The first ground upon which this deed is assailed is the following clause therein:
"The said Fred. Muller and A. Jacobs are hereby authorized and directed to take possession at once of all the property above conveyed, and covert the same into cash as soon and upon the best terms possible for the best interest of our creditors,"
which language the court below, and the counsel for the defendants, claim is an authority to the assignee to sell upon credit. We do not think that such is a correct or fair interpretation of the clause, taking the whole instrument together, and construing it with reference to the purpose manifest in all its other provisions. A positive direction to "convert" the property assigned "into cash as soon and upon the best terms possible for the best interest of our creditors" can hardly be construed into a discretionary authority to sell on credit without doing violence to the well established rule that the power to sell on credit will not be inferred from language susceptible of a different construction. Burrill on Assignments, § 224. But even if we concede that the construction contended for be correct and that the clause thus construed is in contravention of the statute, it will not, as this Court has decided, operate to annul the assignment, in which all the creditors may have an interest. In Kellogg v Muller, 68 Tex. 182, 184, this very point we are now considering was presented and
decided by the court in the following language:
"The first exception to the deed is that the deed authorized the assignee to sell the property assigned on a credit, and is therefore void. The provision to which we are cited in support of the exception is as follows."
"That so soon as said inventory is complete, the said Frederick Muller, as such trustee aforesaid, shall thereafter, with all reasonable dispatch, proceed to sell and dispose of said goods, wares, and merchandise, and furniture, and collect said book accounts and bills receivable, converting the same into cash, or its equivalent."
"It may be doubted if this can be construed to empower the assignee to sell for anything but money. . . . But however this may be, even if a badge of fraud, it is not sufficient to authorize the court in holding the deed void upon its face,"
citing Baldwin v.

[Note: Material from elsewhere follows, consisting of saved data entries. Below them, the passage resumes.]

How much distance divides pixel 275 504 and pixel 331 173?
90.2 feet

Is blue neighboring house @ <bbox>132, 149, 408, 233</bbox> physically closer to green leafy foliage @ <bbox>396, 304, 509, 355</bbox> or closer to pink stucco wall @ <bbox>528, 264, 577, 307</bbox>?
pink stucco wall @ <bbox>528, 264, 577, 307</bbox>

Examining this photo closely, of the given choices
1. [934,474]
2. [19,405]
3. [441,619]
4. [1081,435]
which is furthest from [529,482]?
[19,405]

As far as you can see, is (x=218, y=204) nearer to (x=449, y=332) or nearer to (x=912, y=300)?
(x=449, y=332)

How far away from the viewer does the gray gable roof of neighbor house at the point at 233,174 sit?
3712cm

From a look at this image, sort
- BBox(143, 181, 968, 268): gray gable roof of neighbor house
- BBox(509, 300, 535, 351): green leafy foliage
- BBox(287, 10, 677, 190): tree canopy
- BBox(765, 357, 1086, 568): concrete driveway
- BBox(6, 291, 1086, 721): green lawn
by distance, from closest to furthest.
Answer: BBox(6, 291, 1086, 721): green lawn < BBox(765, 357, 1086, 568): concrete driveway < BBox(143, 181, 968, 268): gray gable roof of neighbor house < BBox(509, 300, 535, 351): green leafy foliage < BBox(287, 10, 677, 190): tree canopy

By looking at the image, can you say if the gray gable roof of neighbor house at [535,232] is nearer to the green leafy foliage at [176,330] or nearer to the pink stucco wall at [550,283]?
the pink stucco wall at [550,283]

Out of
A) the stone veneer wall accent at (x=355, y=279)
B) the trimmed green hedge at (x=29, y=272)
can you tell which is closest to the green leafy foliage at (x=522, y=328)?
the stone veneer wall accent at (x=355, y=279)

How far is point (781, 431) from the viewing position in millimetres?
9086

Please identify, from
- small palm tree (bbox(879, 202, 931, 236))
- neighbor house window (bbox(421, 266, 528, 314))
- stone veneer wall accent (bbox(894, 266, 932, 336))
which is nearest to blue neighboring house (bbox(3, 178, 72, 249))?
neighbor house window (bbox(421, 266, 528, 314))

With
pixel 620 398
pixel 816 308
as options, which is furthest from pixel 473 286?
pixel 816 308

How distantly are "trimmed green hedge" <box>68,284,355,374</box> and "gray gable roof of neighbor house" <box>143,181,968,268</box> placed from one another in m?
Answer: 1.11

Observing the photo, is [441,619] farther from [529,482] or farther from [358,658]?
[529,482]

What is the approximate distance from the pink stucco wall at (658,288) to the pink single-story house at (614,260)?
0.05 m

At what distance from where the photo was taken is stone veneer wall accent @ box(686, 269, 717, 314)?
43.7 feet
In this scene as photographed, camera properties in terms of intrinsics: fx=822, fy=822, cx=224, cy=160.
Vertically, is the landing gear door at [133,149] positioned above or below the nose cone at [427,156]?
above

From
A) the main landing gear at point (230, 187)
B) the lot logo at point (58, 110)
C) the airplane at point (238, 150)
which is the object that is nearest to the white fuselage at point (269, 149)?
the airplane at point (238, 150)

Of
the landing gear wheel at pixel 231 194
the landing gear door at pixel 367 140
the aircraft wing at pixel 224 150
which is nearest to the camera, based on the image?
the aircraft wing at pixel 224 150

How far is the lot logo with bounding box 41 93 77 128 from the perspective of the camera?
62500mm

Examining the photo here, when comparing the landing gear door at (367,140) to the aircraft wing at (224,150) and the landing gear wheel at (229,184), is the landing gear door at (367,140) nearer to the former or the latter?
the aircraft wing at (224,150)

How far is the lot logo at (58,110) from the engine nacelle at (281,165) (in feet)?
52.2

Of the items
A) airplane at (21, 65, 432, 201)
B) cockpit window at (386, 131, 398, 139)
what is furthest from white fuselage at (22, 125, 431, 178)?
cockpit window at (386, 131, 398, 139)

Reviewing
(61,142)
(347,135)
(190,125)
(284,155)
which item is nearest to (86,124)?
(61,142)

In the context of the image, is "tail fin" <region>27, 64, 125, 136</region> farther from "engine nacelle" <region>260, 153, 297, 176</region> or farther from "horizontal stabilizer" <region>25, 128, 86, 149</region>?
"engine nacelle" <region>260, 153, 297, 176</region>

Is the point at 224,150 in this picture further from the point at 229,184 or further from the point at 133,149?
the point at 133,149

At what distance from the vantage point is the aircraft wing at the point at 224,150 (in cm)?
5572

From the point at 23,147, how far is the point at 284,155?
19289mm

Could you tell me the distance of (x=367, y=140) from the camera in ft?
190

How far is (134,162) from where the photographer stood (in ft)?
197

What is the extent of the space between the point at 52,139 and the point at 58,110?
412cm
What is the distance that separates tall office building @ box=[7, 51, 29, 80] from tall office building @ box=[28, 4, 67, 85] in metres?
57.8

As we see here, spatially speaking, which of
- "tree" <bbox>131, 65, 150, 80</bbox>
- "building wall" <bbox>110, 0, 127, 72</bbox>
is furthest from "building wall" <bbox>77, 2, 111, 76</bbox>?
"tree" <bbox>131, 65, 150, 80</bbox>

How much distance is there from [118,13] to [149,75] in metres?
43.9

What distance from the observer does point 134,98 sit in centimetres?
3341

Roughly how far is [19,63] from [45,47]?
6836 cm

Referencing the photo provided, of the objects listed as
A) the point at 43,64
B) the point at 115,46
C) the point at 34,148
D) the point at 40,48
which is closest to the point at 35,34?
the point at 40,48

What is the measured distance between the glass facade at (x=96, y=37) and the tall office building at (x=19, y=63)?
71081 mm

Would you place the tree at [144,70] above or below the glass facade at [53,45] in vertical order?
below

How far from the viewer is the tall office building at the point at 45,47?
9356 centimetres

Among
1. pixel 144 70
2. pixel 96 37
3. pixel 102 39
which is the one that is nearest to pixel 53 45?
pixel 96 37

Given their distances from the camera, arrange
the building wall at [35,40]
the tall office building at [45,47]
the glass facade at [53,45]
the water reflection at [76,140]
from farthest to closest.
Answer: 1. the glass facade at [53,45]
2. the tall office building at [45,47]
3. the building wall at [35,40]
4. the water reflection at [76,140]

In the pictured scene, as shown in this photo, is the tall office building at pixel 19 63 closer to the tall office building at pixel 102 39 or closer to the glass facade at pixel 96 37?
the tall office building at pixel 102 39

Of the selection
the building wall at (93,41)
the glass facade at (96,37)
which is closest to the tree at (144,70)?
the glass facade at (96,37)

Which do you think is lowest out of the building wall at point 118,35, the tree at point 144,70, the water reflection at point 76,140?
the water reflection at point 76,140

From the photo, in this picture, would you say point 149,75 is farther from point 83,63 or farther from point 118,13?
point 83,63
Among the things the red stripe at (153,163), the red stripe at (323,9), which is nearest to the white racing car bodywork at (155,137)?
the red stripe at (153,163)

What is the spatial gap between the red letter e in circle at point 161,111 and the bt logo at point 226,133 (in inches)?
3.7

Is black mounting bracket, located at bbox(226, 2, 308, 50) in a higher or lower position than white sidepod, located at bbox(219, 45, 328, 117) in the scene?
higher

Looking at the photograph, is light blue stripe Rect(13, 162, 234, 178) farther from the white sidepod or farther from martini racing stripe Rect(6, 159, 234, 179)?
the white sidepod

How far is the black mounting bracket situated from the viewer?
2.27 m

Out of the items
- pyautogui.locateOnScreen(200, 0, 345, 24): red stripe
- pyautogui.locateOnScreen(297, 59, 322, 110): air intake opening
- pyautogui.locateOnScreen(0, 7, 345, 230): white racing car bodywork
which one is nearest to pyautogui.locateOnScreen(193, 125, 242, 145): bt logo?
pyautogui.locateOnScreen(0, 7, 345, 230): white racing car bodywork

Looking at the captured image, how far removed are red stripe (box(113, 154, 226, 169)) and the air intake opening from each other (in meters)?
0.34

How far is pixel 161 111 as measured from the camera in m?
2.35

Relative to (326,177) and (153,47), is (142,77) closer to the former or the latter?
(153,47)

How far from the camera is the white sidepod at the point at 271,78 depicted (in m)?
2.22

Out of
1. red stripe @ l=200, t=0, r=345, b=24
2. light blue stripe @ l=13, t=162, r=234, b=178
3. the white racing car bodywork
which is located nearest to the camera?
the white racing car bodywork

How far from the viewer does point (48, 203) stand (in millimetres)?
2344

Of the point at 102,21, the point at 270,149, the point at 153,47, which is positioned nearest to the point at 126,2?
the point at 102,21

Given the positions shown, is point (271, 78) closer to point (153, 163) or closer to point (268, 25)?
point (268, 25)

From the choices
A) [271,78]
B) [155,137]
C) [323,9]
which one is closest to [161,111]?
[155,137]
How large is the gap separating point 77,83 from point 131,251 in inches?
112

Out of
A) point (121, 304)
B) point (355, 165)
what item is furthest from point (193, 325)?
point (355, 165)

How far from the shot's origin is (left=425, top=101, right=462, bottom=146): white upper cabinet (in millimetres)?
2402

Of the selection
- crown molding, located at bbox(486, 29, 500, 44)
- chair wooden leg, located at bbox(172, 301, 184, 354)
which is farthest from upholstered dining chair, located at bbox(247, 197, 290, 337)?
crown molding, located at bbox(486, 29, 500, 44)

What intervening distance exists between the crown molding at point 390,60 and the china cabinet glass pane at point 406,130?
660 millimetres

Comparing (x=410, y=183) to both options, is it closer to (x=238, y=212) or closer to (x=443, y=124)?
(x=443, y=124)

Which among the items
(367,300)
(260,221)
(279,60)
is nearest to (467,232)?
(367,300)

Peet, 22 Tex. 708.
In the assignment before us, all the property conveyed by it is in terms devoted to the payment of the creditors of the insolvent debtor. The judgment of the court below adjudging it to be void upon its face because it permitted a sale on credit was erroneous.
The second objection, that the deed was not made to one assignee, does not require any extended comment. Under the common law, an insolvent debtor was permitted to make an assignment to a single individual or to several. Burrill on Assignments § 91. It is true, the Act of March 24, 1879, speaks only of an assignee, but the statutory rule of construction in force in Texas is "the singular and plural number shall each include the other unless otherwise expressly provided." Rev.Stat. Tex. (1879), Art. 3138, subdivision 4. Under this rule, and keeping in mind the policy of the statute of 1879 regulating assignments, we do not think the deed of assignment in this case void for the second reason assigned.
For the reasons given, the decree of the court below is reversed and the case remanded with directions to take such further proceedings as shall not be inconsistent with this opinion.